Solid lipid Particles as Drug Carriers - Effects of Particle Preparation Methods and Lipid Excipients on Particle Characteristics

Cintia Kieffer Gamboa; Ranoda Samir; Chengyu Wu; Huiling Mu

doi:10.2174/2211738506666180420165547

Solid lipid Particles as Drug Carriers - Effects of Particle Preparation Methods and Lipid Excipients on Particle Characteristics

Cintia Kieffer Gamboa, Ranoda Samir, Chengyu Wu, Huiling Mu

5 Citations (Scopus)

Abstract

BACKGROUND: Oral delivery of biopharmaceuticals is limited by the absorption barriers in the gastrointestinal tract (GIT) such as low permeability across the biological membranes and the enzymatic degradation by proteases.

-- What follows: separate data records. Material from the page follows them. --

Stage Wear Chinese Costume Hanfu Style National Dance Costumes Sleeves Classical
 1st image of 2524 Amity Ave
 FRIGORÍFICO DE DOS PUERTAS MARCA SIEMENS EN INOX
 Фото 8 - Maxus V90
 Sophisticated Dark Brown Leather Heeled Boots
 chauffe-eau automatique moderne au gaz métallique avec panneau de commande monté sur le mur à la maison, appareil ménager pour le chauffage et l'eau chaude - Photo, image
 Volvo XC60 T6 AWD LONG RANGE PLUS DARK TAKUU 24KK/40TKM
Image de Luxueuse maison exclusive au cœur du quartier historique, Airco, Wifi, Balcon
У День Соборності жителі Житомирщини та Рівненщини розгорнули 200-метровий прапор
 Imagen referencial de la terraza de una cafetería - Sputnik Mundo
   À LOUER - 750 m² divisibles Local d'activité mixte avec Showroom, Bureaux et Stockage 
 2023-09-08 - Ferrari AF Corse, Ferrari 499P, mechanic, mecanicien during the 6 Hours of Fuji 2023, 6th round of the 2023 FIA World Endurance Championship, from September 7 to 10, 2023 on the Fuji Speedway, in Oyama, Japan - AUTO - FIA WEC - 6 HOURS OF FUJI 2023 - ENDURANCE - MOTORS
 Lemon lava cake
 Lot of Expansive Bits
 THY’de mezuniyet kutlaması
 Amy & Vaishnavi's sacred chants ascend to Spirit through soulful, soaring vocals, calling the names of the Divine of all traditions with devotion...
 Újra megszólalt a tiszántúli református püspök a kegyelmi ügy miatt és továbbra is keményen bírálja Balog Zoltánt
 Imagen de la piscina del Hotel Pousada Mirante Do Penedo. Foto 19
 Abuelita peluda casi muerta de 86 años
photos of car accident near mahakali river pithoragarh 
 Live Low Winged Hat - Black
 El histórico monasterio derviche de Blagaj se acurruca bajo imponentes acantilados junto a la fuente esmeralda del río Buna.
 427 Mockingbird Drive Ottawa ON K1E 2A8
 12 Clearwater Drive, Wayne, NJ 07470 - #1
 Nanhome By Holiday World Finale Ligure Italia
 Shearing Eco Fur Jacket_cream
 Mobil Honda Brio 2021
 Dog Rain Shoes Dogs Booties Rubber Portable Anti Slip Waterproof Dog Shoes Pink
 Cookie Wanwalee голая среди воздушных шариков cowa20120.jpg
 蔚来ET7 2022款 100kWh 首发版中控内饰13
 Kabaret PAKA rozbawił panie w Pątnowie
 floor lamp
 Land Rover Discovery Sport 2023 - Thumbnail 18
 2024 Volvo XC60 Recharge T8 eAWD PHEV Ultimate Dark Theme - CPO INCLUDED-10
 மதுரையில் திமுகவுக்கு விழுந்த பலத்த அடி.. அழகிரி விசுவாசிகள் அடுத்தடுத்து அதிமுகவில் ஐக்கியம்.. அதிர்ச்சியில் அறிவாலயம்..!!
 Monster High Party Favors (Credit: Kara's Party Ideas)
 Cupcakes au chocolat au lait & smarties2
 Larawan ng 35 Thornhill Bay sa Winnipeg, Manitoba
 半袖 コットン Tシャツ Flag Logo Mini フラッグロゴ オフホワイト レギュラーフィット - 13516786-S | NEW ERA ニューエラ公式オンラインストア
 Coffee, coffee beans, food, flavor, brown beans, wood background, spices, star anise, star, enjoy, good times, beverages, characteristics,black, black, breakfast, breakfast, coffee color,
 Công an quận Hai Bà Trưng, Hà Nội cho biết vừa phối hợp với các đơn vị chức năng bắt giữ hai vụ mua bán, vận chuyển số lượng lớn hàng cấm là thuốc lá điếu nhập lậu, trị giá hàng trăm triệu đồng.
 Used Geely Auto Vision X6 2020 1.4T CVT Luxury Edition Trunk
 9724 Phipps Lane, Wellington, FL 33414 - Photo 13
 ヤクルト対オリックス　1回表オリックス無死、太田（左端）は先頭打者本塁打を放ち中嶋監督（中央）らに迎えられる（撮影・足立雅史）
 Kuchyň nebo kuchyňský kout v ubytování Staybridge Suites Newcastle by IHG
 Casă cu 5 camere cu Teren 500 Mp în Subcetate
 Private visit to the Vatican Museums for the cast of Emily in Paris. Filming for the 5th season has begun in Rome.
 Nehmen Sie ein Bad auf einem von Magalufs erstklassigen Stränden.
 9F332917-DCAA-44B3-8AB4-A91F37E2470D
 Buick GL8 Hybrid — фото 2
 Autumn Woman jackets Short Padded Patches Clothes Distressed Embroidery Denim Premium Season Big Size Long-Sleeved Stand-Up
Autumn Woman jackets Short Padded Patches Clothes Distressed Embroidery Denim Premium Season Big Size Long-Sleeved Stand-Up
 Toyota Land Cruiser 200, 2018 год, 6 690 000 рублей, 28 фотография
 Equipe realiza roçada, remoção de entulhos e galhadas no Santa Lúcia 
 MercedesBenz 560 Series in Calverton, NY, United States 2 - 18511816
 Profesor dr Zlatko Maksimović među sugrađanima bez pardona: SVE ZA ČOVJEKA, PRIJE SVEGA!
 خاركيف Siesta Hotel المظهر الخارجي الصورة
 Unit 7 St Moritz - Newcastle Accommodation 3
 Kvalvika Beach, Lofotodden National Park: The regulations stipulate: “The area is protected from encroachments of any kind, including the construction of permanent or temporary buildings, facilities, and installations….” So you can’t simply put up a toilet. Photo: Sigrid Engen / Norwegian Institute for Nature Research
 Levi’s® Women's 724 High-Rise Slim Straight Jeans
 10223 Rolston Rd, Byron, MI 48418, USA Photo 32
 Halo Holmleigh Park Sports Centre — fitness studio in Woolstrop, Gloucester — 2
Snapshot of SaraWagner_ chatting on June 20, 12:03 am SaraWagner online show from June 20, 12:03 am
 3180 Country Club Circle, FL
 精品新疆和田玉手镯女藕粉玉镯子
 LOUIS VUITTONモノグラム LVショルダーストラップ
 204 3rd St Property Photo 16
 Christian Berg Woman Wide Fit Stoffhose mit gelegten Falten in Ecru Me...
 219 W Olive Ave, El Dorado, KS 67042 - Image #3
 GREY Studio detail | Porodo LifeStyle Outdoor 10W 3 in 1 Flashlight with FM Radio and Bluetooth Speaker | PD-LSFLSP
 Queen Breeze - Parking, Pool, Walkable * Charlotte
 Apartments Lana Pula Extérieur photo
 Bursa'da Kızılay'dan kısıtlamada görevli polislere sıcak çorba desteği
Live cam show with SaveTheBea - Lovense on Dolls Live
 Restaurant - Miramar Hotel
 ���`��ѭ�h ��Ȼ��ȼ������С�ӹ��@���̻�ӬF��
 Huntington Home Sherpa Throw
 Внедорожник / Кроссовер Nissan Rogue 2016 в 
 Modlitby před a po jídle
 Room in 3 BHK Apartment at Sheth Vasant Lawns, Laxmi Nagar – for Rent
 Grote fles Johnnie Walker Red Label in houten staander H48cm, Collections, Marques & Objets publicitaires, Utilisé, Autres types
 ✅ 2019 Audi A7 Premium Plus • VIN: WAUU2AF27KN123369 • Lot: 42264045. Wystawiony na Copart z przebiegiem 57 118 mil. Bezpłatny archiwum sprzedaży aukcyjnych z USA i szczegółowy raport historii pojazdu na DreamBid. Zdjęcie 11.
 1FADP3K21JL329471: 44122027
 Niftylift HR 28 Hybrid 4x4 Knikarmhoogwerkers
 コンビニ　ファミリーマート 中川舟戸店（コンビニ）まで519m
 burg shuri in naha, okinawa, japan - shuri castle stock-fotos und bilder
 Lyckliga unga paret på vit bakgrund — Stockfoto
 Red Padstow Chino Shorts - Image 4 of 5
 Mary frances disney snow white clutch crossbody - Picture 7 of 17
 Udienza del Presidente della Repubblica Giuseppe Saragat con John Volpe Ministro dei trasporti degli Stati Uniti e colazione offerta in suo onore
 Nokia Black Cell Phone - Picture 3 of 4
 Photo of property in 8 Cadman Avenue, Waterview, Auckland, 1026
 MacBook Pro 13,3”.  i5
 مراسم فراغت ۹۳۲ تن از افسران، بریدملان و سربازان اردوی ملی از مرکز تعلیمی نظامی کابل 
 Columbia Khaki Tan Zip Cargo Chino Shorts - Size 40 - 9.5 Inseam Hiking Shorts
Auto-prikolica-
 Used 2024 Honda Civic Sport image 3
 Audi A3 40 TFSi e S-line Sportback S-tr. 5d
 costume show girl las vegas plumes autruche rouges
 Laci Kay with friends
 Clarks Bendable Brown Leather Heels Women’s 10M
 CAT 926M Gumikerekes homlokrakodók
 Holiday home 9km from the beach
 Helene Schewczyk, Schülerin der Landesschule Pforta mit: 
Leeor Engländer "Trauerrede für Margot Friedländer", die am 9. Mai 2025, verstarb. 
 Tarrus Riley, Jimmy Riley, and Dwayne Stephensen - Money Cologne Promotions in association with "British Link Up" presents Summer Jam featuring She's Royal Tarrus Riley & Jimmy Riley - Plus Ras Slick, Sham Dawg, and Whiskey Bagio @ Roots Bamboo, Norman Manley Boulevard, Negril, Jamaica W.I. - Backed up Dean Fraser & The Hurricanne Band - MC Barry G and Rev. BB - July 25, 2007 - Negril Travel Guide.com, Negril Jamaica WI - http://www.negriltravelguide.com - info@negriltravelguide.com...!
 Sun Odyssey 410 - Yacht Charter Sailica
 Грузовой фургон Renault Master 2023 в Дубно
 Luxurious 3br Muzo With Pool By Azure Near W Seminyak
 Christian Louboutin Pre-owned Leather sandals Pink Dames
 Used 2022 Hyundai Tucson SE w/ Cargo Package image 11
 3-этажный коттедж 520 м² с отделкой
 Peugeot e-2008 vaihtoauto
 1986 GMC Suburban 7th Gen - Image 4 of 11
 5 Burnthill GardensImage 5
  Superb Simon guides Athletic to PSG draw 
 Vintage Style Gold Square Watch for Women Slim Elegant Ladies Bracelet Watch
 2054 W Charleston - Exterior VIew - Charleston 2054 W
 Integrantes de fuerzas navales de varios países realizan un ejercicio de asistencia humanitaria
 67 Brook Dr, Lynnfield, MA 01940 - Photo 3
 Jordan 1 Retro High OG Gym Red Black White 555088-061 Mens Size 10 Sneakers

In this study, lipid based drug delivery systems were proposed to overcome these obstacles.

OBJECTIVE: The aim of this study was to evaluate the effect of particle preparation methods and excipients on the characteristics of solid lipid microparticles (SLM) and solid lipid nanoparticles (SLN).

METHOD: Different triglycerides (TG) were used as the major excipients for the SLM and SLN. Insulin was used as the model protein; insulin-phospholipid (PL) was prepared to increase drug lipophilicity and compatibility with lipid excipients. Four methods were used for preparing lipid particles, i.e. a Hot Melting Dispersion (HMD) technique, a Solvent Evaporation (SE) method, a modified Solvent Evaporation (mSE) method and a Spray Drying technique. The lipid particles were evaluated in terms of size, size distribution, surface morphology and drug entrapment efficiency (EE).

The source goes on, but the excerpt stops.